Nell’eventualità di una presa di posizione parlamentare contraria alla Brexit, anche in caso di nuove elezioni, non ci sarebbe la certezza della creazione di una maggioranza favorevole a restare nell’Ue. Un nuovo referendum, inoltre, risulterebbe superfluo di fronte alla sentenza della Corte, la quale, come scritto sopra, ha già ribadito la supremazia del Parlamento nei confronti degli altri soggetti del panorama politico del Regno Unito.
Un’inversione di rotta risulterebbe in generale pericolosa, in quanto una parte consistente dell’elettorato considererebbe antidemocratica una presa di posizione che contraddicesse l’esito del referendum consultivo. Inoltre, considerato il sistema elettorale britannico, sarebbe più probabile che nuove elezioni porterebbero alla creazione di un governo più radicale dell’attuale che spingerebbe per un’immediata accelerazione della Brexit, piuttosto che per un’inversione di tendenza: anche in caso di una possibile conseguente imposizione da parte della Camera dei Lords di un rallentamento, prevarrebbe la decisione del Parlamento e la procedura d’uscita diverrebbe ancora più caotica, nuocendo al Regno Unito e ancor più all’Ue.
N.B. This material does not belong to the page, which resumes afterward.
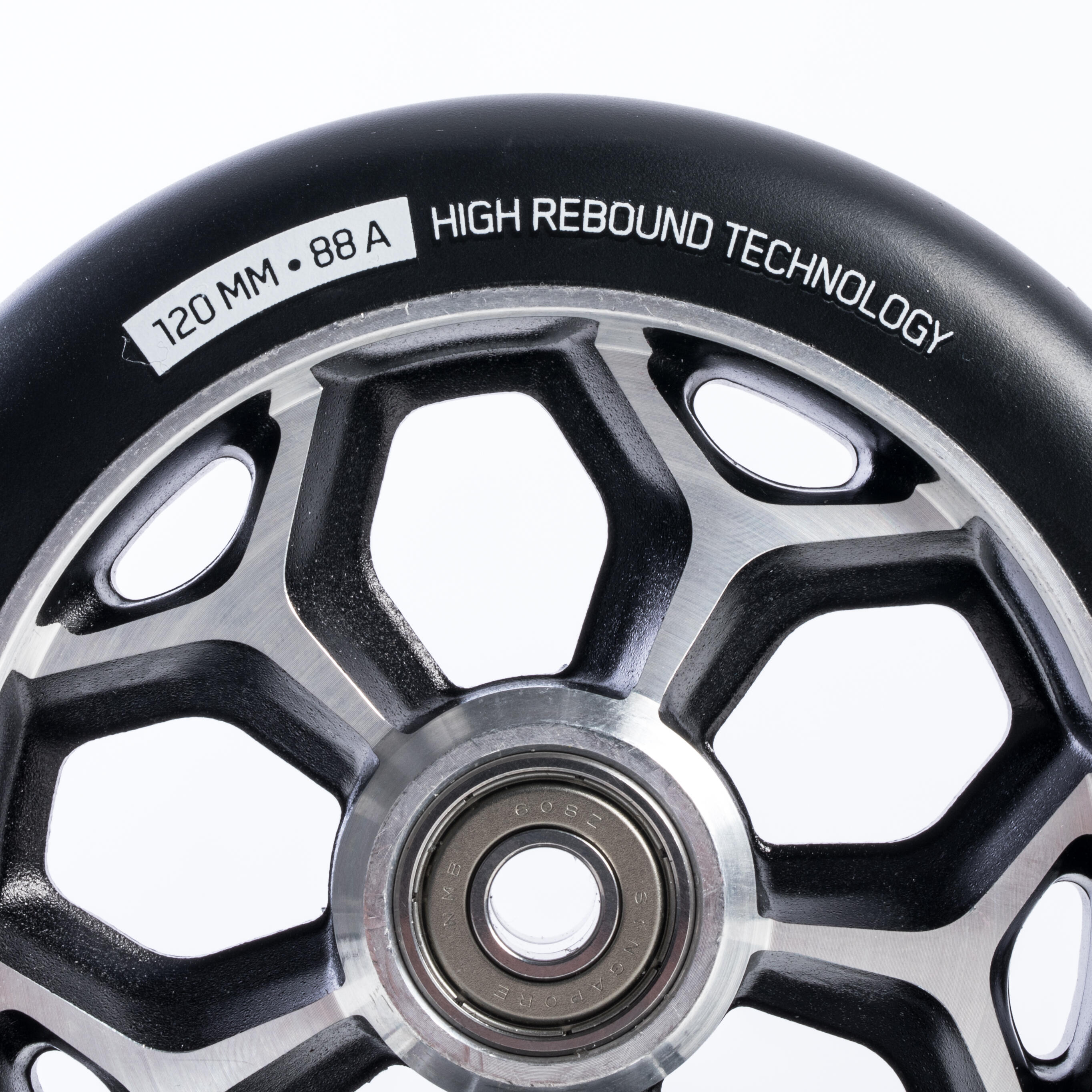 Črno in kromirano aluminijsko kolo za skiro za prosti slog 120 mm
L’esito più probabile resta, quindi, una Brexit “dura”. Rigidità che, però non dev’essere tradotta con “dispotismo”. L’Ue è decisa a stabilire dei trattati per il libero commercio dopo il completamento dell’articolo 50 (il Primo Ministro del Regno Unito Theresa May si è impegnata a rispettare la scadenza per l’avvio delle procedure marzo 2017), per la cui procedura l’Unione rassicura che saranno concessi i due anni previsti dalla normativa. Resta ferma la posizione europea di rifiuto delle richieste di May riguardo una Brexit “morbida” (che permetterebbe “in automatico” al Paese di rimanere nel Mercato Unico senza rispettare il pilastro della libera circolazione): una tale soluzione sarebbe difficile non solo dal punto di vista legale e tecnico, ma soprattutto politico. La scelta potrebbe essere, piuttosto, tra la “non Brexit” e una Brexit “dura”, ma, a tal proposito, il presidente del Consiglio europeo Donald Tusk ha già chiarito che l’esito del referendum di quest’estate non permette che una rinuncia alla Brexit possa essere presa in considerazione come opzione.